The UK Singles Chart is one of many music charts compiled by the Official Charts Company that calculates the best-selling singles of the week in the United Kingdom. Before 2004, the chart was only based on the sales of physical singles. This list shows singles that peaked in the Top 10 of the UK Singles Chart during 1979, as well as singles which peaked in 1978 and 1980 but were in the top 10 in 1979. The entry date is when the single appeared in the top 10 for the first time (week ending, as published by the Official Charts Company, which is six days after the chart is announced).

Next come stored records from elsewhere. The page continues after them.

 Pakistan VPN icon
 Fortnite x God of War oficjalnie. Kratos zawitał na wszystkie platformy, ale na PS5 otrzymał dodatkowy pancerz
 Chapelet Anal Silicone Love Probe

One-hundred and forty-one singles were in the top ten in 1979. Nine singles from 1978 remained in the top 10 for several weeks at the beginning of the year, while "Day Trip to Bangor (Didn't We Have a Lovely Time)" by Fiddler's Dram, "Wonderful Christmastime" by Paul McCartney and "Brass in Pocket" by The Pretenders were all released in 1979 but did not reach their peak until 1980. "Song for Guy" by Elton John, "Lay Your Love on Me" by Racey and "Y.M.C.A." by The Village People were the singles from 1978 to reach their peak in 1979. Thirty-two artists scored multiple entries in the top 10 in 1979. Dire Straits, The Jam, Madness, The Police and The Specials were among the many artists who achieved their first UK charting top 10 single in 1979.

The 1978 Christmas number-one, "Mary's Boy Child – Oh My Lord" by Boney M., remained at number-one for the first two weeks of 1979. The first new number-one single of the year was "YMCA" by The Village People. Overall, eighteen different singles peaked at number-one in 1979, with Blondie, Gary Numan and The Police (2) having the joint most singles hit that position.

Background

Multiple entries
One-hundred and forty-one singles charted in the top 10 in 1979, with one-hundred and thirty-one singles reaching their peak this year.

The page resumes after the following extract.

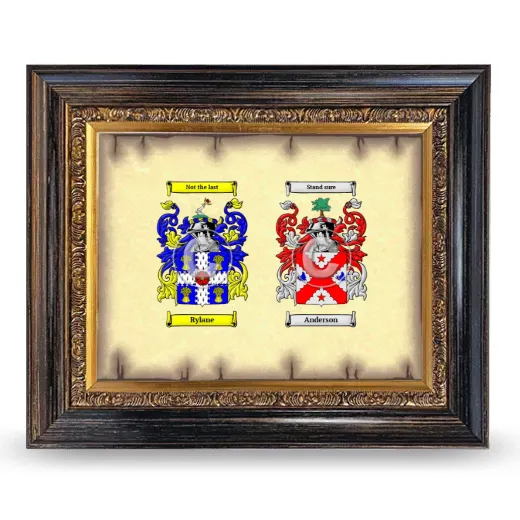 Anniversary Framed - Heirloom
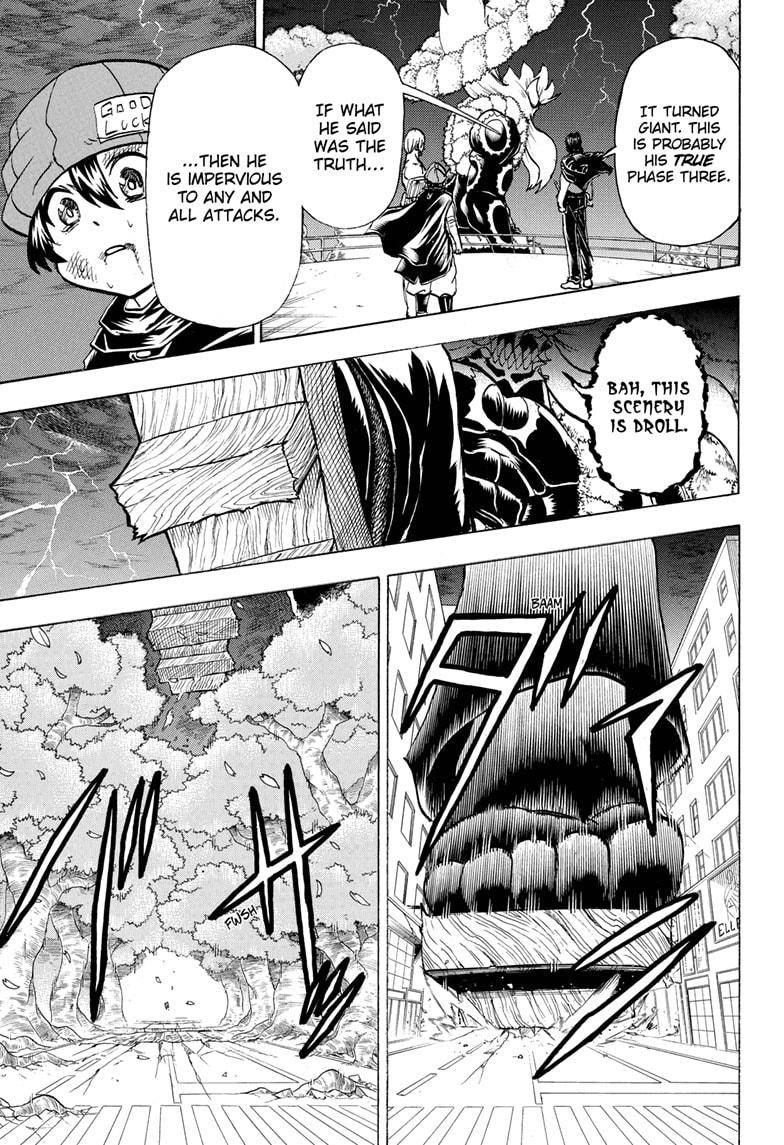 Undead Unluck chapter 89 page 9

Thirty-two artists scored multiple entries in the top 10 in 1979. ABBA secured the record for most top 10 hits in 1979 with five hit singles.

Gary Numan was one of a number of artists with two top-ten entries, including the number-one single "Cars". Barbra Streisand, Edwin Starr, Ian Dury and the Blockheads, Paul McCartney and The Specials were among the other artists who had multiple top 10 entries in 1979.

Chart debuts
Fifty-two artists achieved their first top 10 single in 1979, either as a lead or featured artist. Of these, eight went on to record another hit single that year: Amii Stewart, B. A. Robertson, Gary Numan, Gibson Brothers, Sister Sledge, The Specials, Squeeze and Supertramp. Earth, Wind and Fire and The Police both had two other entries in their breakthrough year.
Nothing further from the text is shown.